At home you can take your time picking a lock, but in the field, speed is always essential. This chapter presents a lock picking technique called scrubbing that can quickly open most locks.
The slow step in basic picking (chapter 4) is locating the pin which is binding the most. The force diagram (Figure 5.5) developed in chapter 5 suggests a fast way to select th correct pin to lift. Assume that all the pins could be characterized by the same force diagram. That is, assume that theyall bind at once and that they allencounter the same friction. Now consider the effect of running the pick over all the pins with a pressure that is great enough to overcome the spring and friction forces but not great enough to overcome the collision force of the key pin hitting the hull. Any pressure that is above the flat portion of the force graph and below the top of the peak will work. As the pick passes over a pin, the pin will rise until it hits the hull, but it will not enter the hull.

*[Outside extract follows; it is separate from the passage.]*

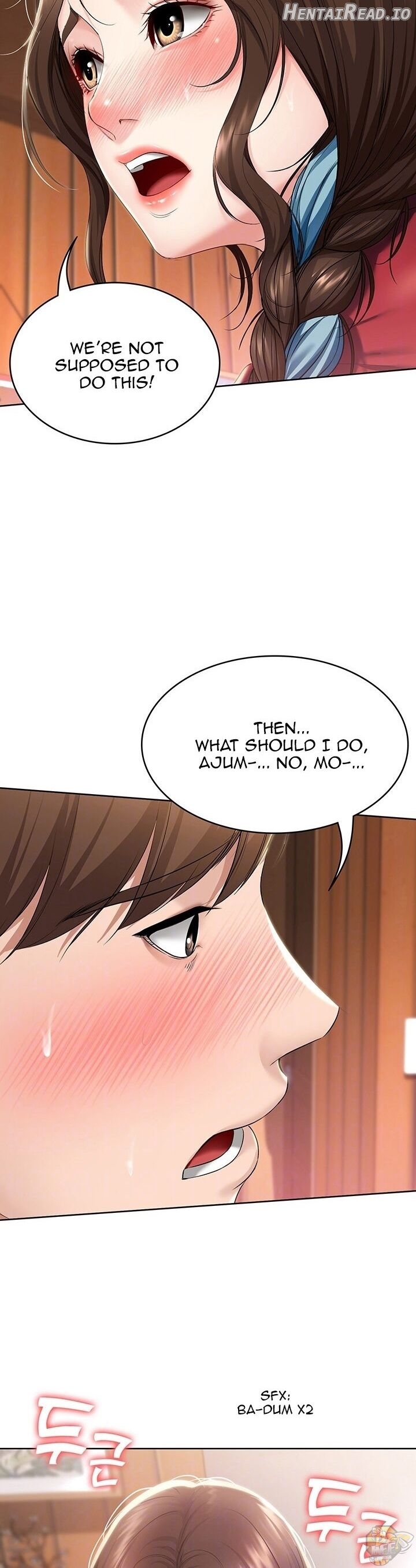 Boarding Diary Chapter 37 - page 12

See Figure 5.3. The collision force at the sheer line resists the pressure of the pick, so the pick rides over the pin without pressing it into the hull. If the proper torque is being applied, the plug will rotate slightly. As the pick leaves the pin, the key pin will fall back to its initial position, but the driver pin will catch on the edge of the plug and stay above the sheer line. See Figure 6.1. In theory one stroke of the pick over the pins will cause the lock to open.
In practice, at most one or two pins will set during a single stroke of the pick, so several strokes are necessary. Basically, you use the pick to scrub back and forth over the pins while y ou adjust the amount of torque on the plug. The exercises in chapter 8 will teach you how to choose the correct torque and pressure.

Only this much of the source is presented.